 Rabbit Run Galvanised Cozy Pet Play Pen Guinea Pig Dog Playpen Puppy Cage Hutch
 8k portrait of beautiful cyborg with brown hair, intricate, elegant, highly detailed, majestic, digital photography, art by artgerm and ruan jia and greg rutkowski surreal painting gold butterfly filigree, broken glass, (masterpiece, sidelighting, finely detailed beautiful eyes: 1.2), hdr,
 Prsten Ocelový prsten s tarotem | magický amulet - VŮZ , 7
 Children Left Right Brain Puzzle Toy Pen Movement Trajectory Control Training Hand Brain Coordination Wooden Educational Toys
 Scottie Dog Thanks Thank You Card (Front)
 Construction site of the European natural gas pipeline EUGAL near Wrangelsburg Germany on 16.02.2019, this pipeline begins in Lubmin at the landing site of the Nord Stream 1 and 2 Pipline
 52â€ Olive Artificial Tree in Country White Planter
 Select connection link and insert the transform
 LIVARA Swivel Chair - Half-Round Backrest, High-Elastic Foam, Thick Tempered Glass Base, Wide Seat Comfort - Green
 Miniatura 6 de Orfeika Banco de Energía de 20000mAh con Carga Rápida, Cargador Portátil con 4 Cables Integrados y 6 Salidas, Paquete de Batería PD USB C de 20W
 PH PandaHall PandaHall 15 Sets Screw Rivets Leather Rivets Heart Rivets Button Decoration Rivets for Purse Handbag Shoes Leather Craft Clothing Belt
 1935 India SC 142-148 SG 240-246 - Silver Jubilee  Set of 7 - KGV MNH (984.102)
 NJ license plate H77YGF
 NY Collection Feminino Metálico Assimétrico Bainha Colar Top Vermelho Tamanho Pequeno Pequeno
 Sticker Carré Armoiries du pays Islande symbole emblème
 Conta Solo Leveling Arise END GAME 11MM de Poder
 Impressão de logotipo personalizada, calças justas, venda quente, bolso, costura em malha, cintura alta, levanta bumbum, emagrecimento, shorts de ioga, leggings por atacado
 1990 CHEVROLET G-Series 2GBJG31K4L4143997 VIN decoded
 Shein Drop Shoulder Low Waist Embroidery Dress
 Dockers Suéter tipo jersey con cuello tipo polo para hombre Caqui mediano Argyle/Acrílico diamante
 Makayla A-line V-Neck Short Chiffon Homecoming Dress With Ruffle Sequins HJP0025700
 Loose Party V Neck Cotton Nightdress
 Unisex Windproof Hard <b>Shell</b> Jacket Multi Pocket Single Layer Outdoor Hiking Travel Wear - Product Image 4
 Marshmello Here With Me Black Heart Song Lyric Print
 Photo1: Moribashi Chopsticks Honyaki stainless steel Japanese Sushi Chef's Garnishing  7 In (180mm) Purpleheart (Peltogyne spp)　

**AIM OF THE EXERCISE**
Retype the whole of the material word for word.

**ANSWER BOX**
 Rabbit Run Galvanised Cozy Pet Play Pen Guinea Pig Dog Playpen Puppy Cage Hutch
 8k portrait of beautiful cyborg with brown hair, intricate, elegant, highly detailed, majestic, digital photography, art by artgerm and ruan jia and greg rutkowski surreal painting gold butterfly filigree, broken glass, (masterpiece, sidelighting, finely detailed beautiful eyes: 1.2), hdr,
 Prsten Ocelový prsten s tarotem | magický amulet - VŮZ , 7
 Children Left Right Brain Puzzle Toy Pen Movement Trajectory Control Training Hand Brain Coordination Wooden Educational Toys
 Scottie Dog Thanks Thank You Card (Front)
 Construction site of the European natural gas pipeline EUGAL near Wrangelsburg Germany on 16.02.2019, this pipeline begins in Lubmin at the landing site of the Nord Stream 1 and 2 Pipline
 52â€ Olive Artificial Tree in Country White Planter
 Select connection link and insert the transform
 LIVARA Swivel Chair - Half-Round Backrest, High-Elastic Foam, Thick Tempered Glass Base, Wide Seat Comfort - Green
 Miniatura 6 de Orfeika Banco de Energía de 20000mAh con Carga Rápida, Cargador Portátil con 4 Cables Integrados y 6 Salidas, Paquete de Batería PD USB C de 20W
 PH PandaHall PandaHall 15 Sets Screw Rivets Leather Rivets Heart Rivets Button Decoration Rivets for Purse Handbag Shoes Leather Craft Clothing Belt
 1935 India SC 142-148 SG 240-246 - Silver Jubilee  Set of 7 - KGV MNH (984.102)
 NJ license plate H77YGF
 NY Collection Feminino Metálico Assimétrico Bainha Colar Top Vermelho Tamanho Pequeno Pequeno
 Sticker Carré Armoiries du pays Islande symbole emblème
 Conta Solo Leveling Arise END GAME 11MM de Poder
 Impressão de logotipo personalizada, calças justas, venda quente, bolso, costura em malha, cintura alta, levanta bumbum, emagrecimento, shorts de ioga, leggings por atacado
 1990 CHEVROLET G-Series 2GBJG31K4L4143997 VIN decoded
 Shein Drop Shoulder Low Waist Embroidery Dress
 Dockers Suéter tipo jersey con cuello tipo polo para hombre Caqui mediano Argyle/Acrílico diamante
 Makayla A-line V-Neck Short Chiffon Homecoming Dress With Ruffle Sequins HJP0025700
 Loose Party V Neck Cotton Nightdress
 Unisex Windproof Hard <b>Shell</b> Jacket Multi Pocket Single Layer Outdoor Hiking Travel Wear - Product Image 4
 Marshmello Here With Me Black Heart Song Lyric Print
 Photo1: Moribashi Chopsticks Honyaki stainless steel Japanese Sushi Chef's Garnishing  7 In (180mm) Purpleheart (Peltogyne spp)　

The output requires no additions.